[YOUR ASSIGNMENT]:
Images are to be excluded, and the rest of the data repeated exactly.

[GIVEN MATERIAL]:
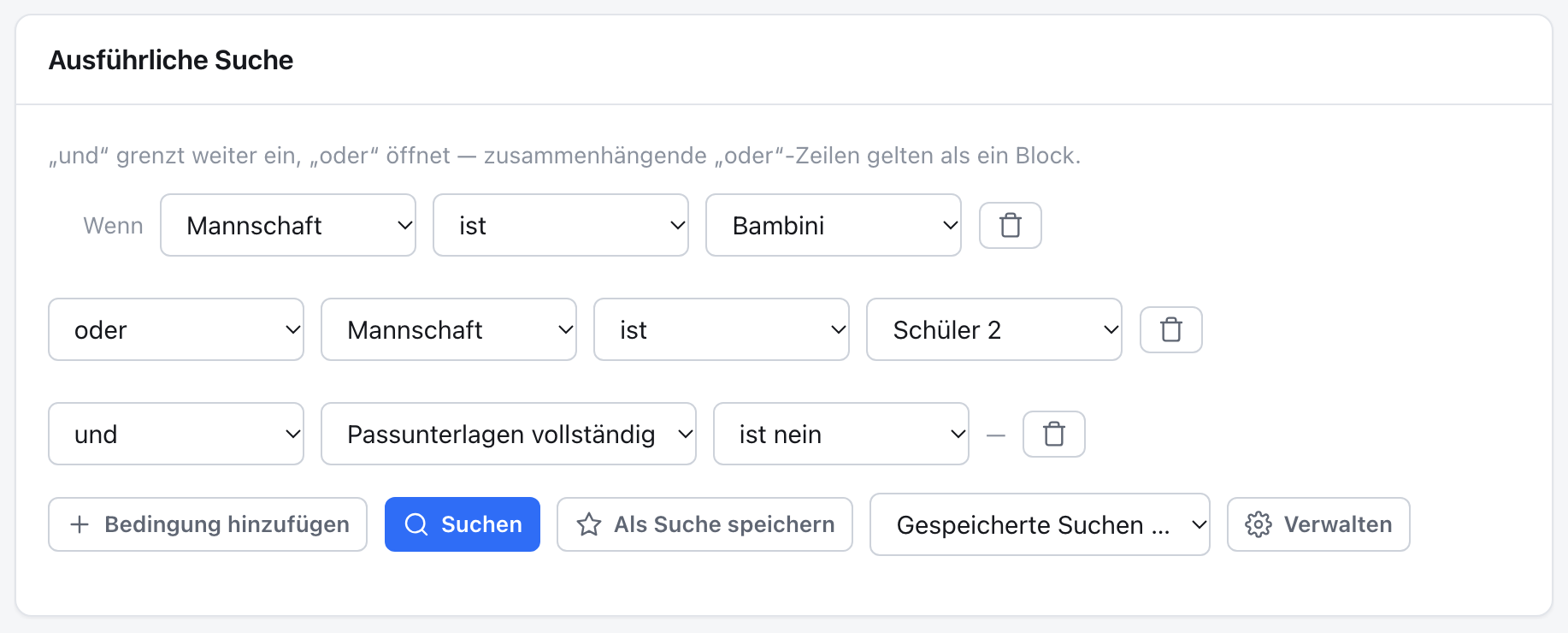 Die ausführliche Suche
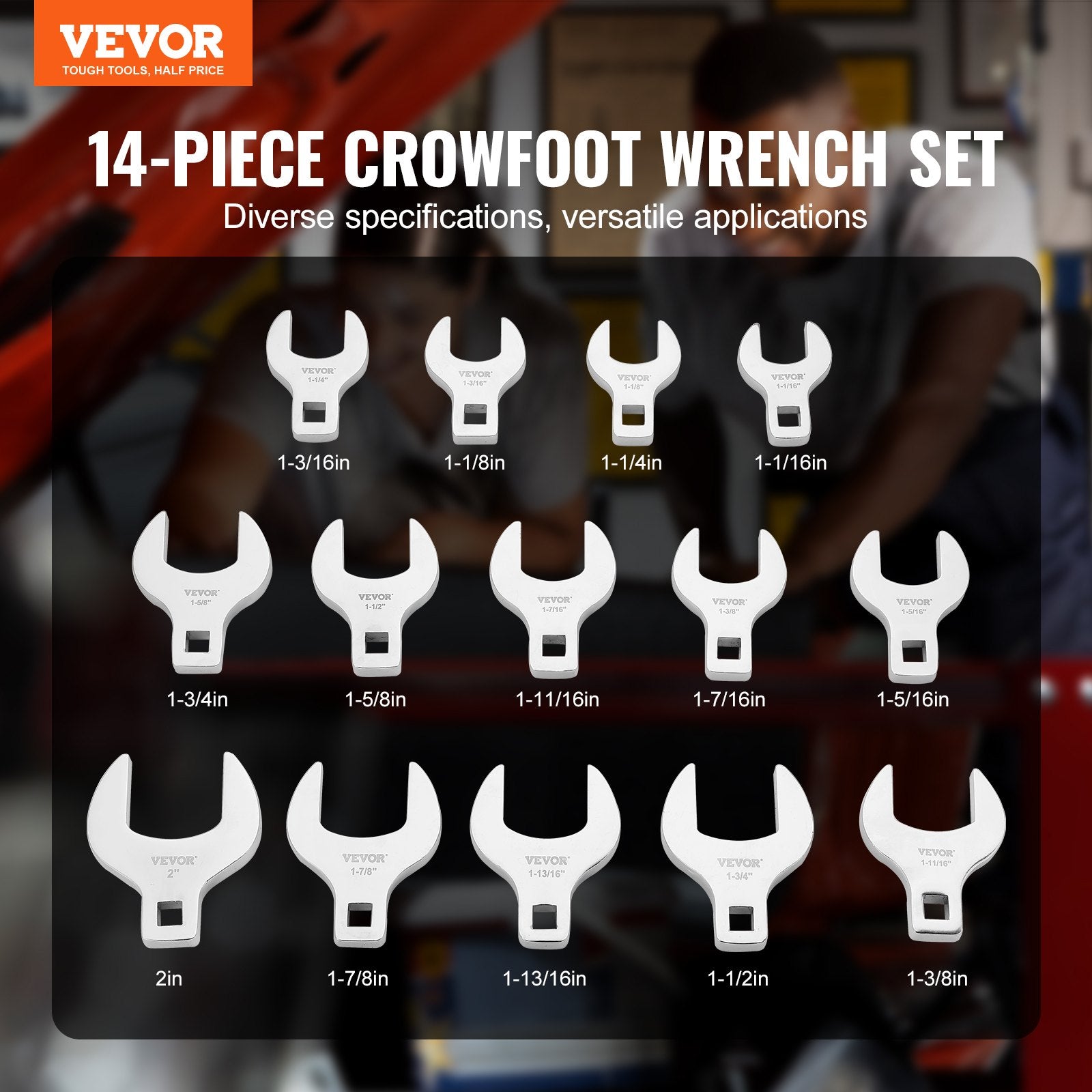 1/2" Drive Crowfoot Wrench Set 14-Piece SAE (1-1/16"–2") with Storage Tray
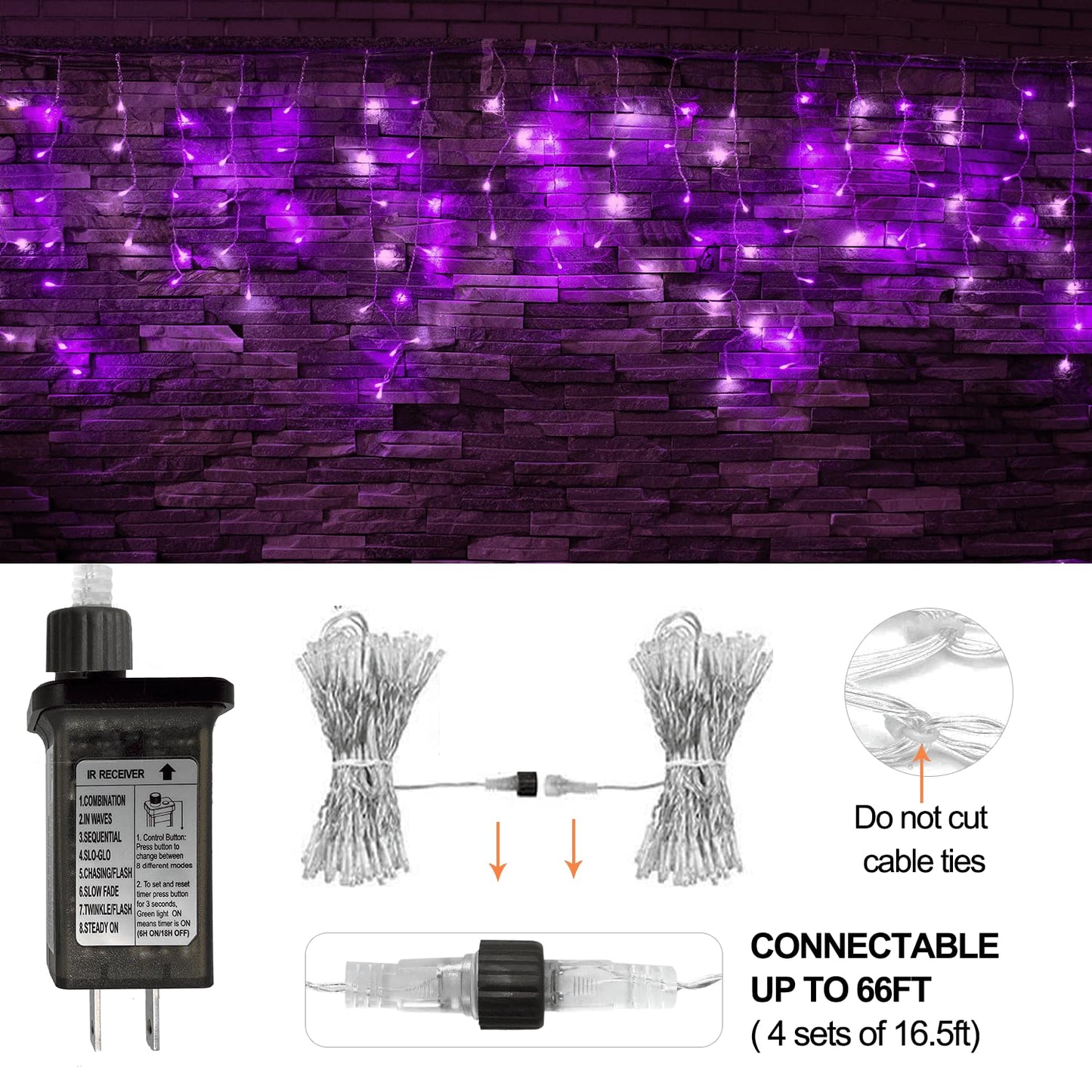 YOLIGHT 16.5ft 192 LED Halloween Icicle Lights Outdoor, Icicle Christmas Lights with Remote, 8 Modes Twinkle Curtain String Lights, Wedding Party Home Garden Roof Xmas Decoration(Purple)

[SOLUTION BELOW]:
 Die ausführliche Suche
 1/2" Drive Crowfoot Wrench Set 14-Piece SAE (1-1/16"–2") with Storage Tray
 YOLIGHT 16.5ft 192 LED Halloween Icicle Lights Outdoor, Icicle Christmas Lights with Remote, 8 Modes Twinkle Curtain String Lights, Wedding Party Home Garden Roof Xmas Decoration(Purple)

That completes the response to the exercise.